Si vedrà in tribunale se Carofiglio avrà soddisfazione, ma il dubbio è legittimo. Certo, internet è davvero una giungla: quando nel settembre 2011 alcuni deputati del Pdl avevano tentato di applicare alla rete un minimo di regolamentazione, a difesa dell’onorabilità di persone e aziende, in Parlamento proprio i colleghi di partito di Carofiglio erano insorti gridando alla «legge bavaglio»: nessuna norma doveva limitare la piena libertà di blogger & internauti. La piazza aveva subito seguito il Pd e tutto si era bloccato. Risultato: online nessuno è veramente responsabile di nulla. Così (per esempio) il misterioso Creativefreedom, che ogni giorno sul suo blog si rivolge al premier Mario Monti e al suo ministro Elsa Fornero chiamandoli «figli di p...», continua da mesi a farlo impunito da un sito non perseguibile dall’autorità giudiziaria.
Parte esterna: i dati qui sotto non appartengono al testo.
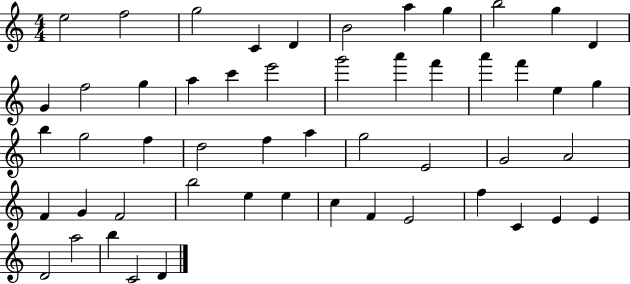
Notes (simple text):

E5/h F5/h G5/h C4/q D4/q B4/h A5/q G5/q B5/h G5/q D4/q G4/q F5/h G5/q A5/q C6/q E6/h G6/h A6/q F6/q A6/q F6/q E5/q G5/q B5/q G5/h F5/q D5/h F5/q A5/q G5/h E4/h G4/h A4/h F4/q G4/q F4/h B5/h E5/q E5/q C5/q F4/q E4/h F5/q C4/q E4/q E4/q D4/h A5/h B5/q C4/h D4/q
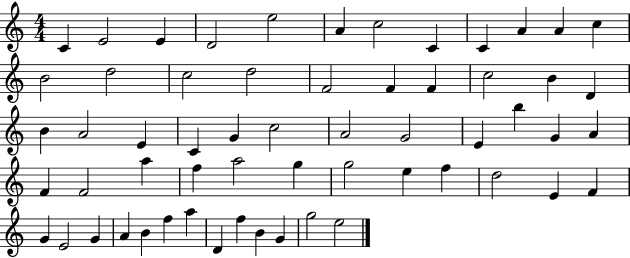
{
  \clef treble
  \numericTimeSignature
  \time 4/4
  \key c \major
  c'4 e'2 e'4 | d'2 e''2 | a'4 c''2 c'4 | c'4 a'4 a'4 c''4 | \break b'2 d''2 | c''2 d''2 | f'2 f'4 f'4 | c''2 b'4 d'4 | \break b'4 a'2 e'4 | c'4 g'4 c''2 | a'2 g'2 | e'4 b''4 g'4 a'4 | \break f'4 f'2 a''4 | f''4 a''2 g''4 | g''2 e''4 f''4 | d''2 e'4 f'4 | \break g'4 e'2 g'4 | a'4 b'4 f''4 a''4 | d'4 f''4 b'4 g'4 | g''2 e''2 | \break \bar "|."
}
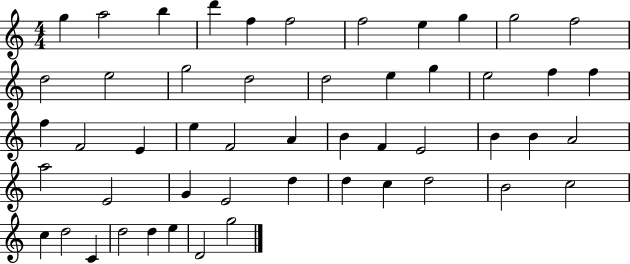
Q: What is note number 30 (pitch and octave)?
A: E4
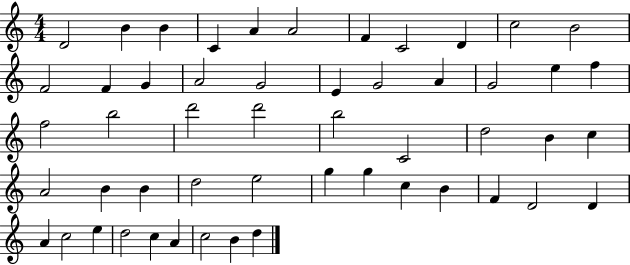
X:1
T:Untitled
M:4/4
L:1/4
K:C
D2 B B C A A2 F C2 D c2 B2 F2 F G A2 G2 E G2 A G2 e f f2 b2 d'2 d'2 b2 C2 d2 B c A2 B B d2 e2 g g c B F D2 D A c2 e d2 c A c2 B d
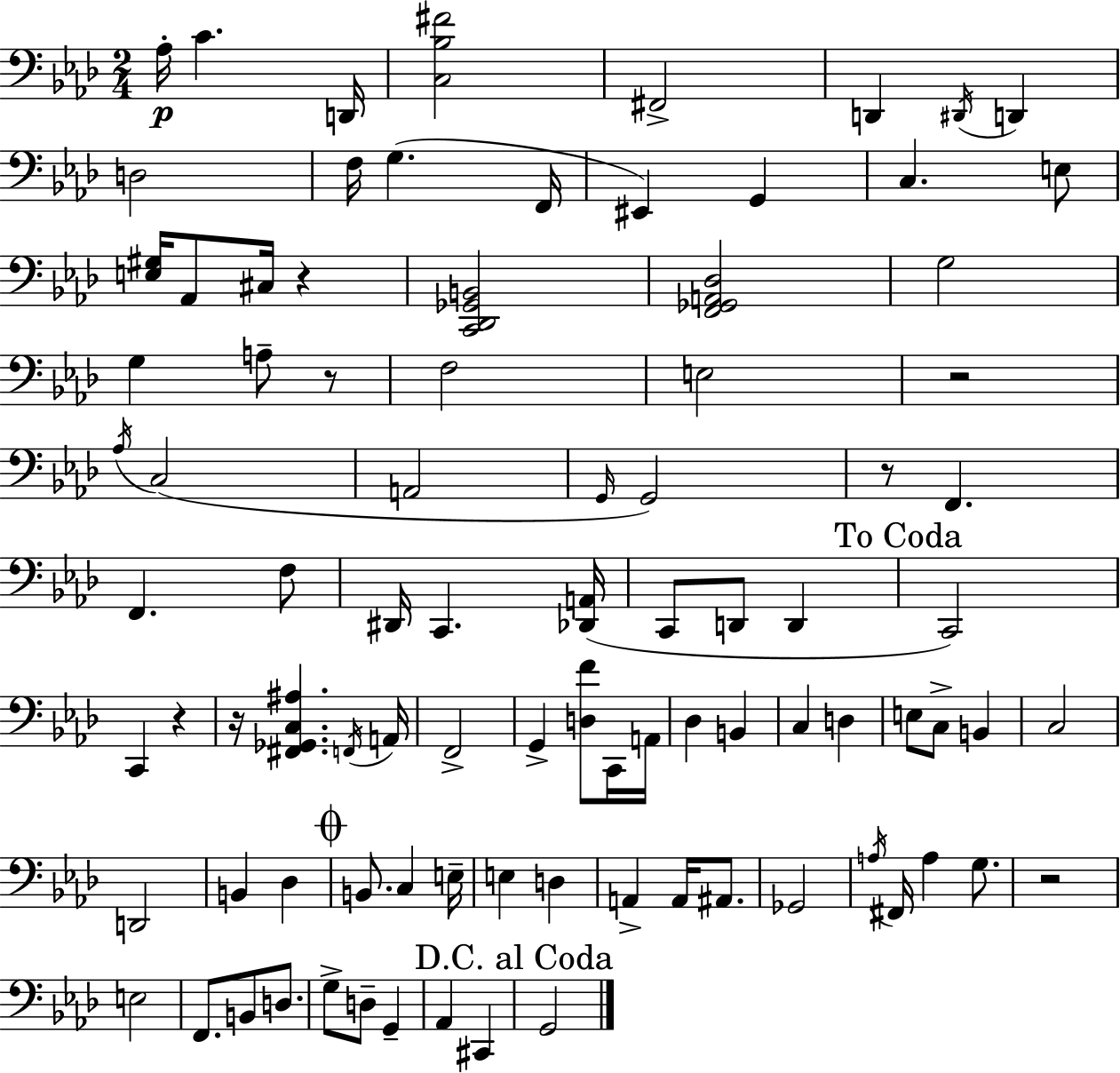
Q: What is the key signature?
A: F minor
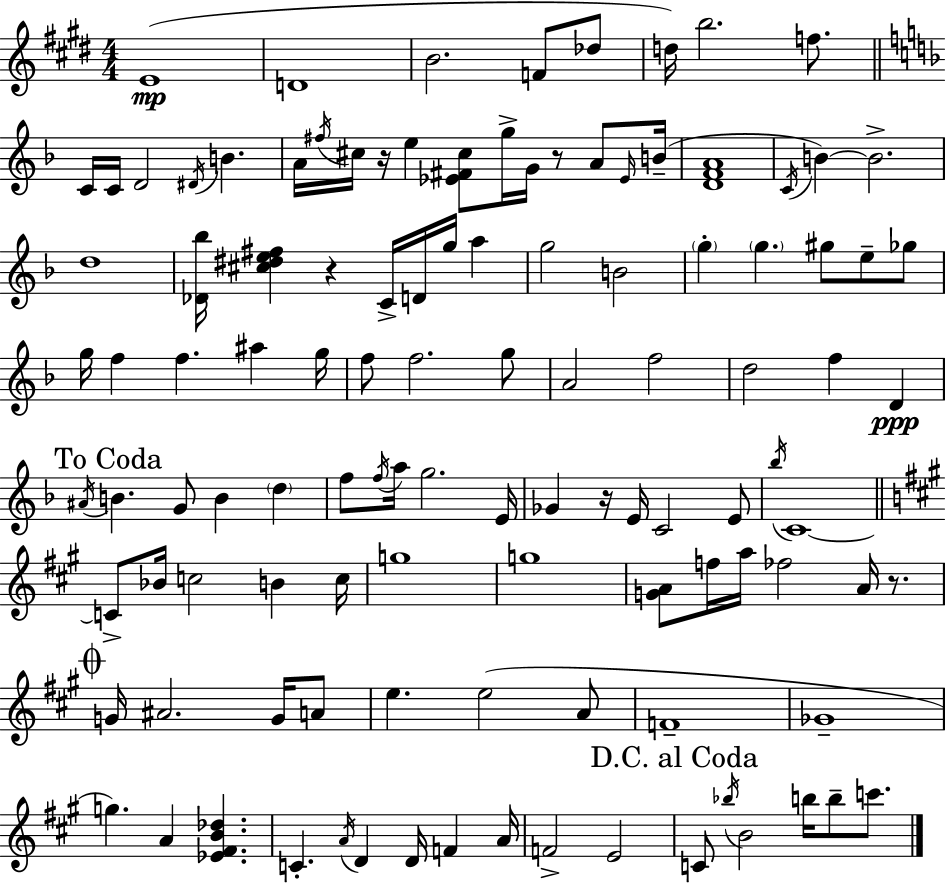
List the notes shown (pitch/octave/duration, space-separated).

E4/w D4/w B4/h. F4/e Db5/e D5/s B5/h. F5/e. C4/s C4/s D4/h D#4/s B4/q. A4/s F#5/s C#5/s R/s E5/q [Eb4,F#4,C#5]/e G5/s G4/s R/e A4/e Eb4/s B4/s [D4,F4,A4]/w C4/s B4/q B4/h. D5/w [Db4,Bb5]/s [C#5,D#5,E5,F#5]/q R/q C4/s D4/s G5/s A5/q G5/h B4/h G5/q G5/q. G#5/e E5/e Gb5/e G5/s F5/q F5/q. A#5/q G5/s F5/e F5/h. G5/e A4/h F5/h D5/h F5/q D4/q A#4/s B4/q. G4/e B4/q D5/q F5/e F5/s A5/s G5/h. E4/s Gb4/q R/s E4/s C4/h E4/e Bb5/s C4/w C4/e Bb4/s C5/h B4/q C5/s G5/w G5/w [G4,A4]/e F5/s A5/s FES5/h A4/s R/e. G4/s A#4/h. G4/s A4/e E5/q. E5/h A4/e F4/w Gb4/w G5/q. A4/q [Eb4,F#4,B4,Db5]/q. C4/q. A4/s D4/q D4/s F4/q A4/s F4/h E4/h C4/e Bb5/s B4/h B5/s B5/e C6/e.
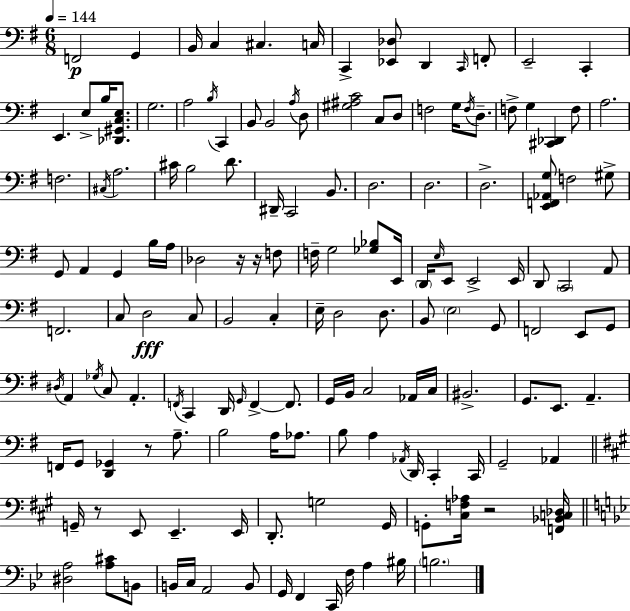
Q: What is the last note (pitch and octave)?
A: B3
Ma consoliamoci tutti. Perché la Cassazione, nell’aprile scorso, ha stabilito una fondamentale garanzia: il diritto alla rettifica informatica. Tutto era nato 15 anni prima, quando un sindaco lombardo, arrestato negli anni di Tangentopoli, aveva lamentato che la notizia delle manette, attraverso una semplice ricerca online, fosse ancora reperibile su vari siti internet; mentre non veniva mai riportata la successiva notizia del suo proscioglimento. La sentenza, sia pure tardivamente, ha stabilito che ogni sito deve garantire l’aggiornamento della cronaca giudiziaria. Paradossalmente, la Cassazione nulla ha prescritto ai giornali. I giudici, però, hanno aggiunto il «diritto all’oblio», cioè a che sul web «non vengano ulteriormente divulgate notizie che per il trascorrere del tempo risultano ormai dimenticate o ignote alla generalità dei consociati». Ecco, la cosa è un po’ teorica e non si vede chi possa fare rispettare il diritto. Ma forse farà del bene al cuore di Carofiglio.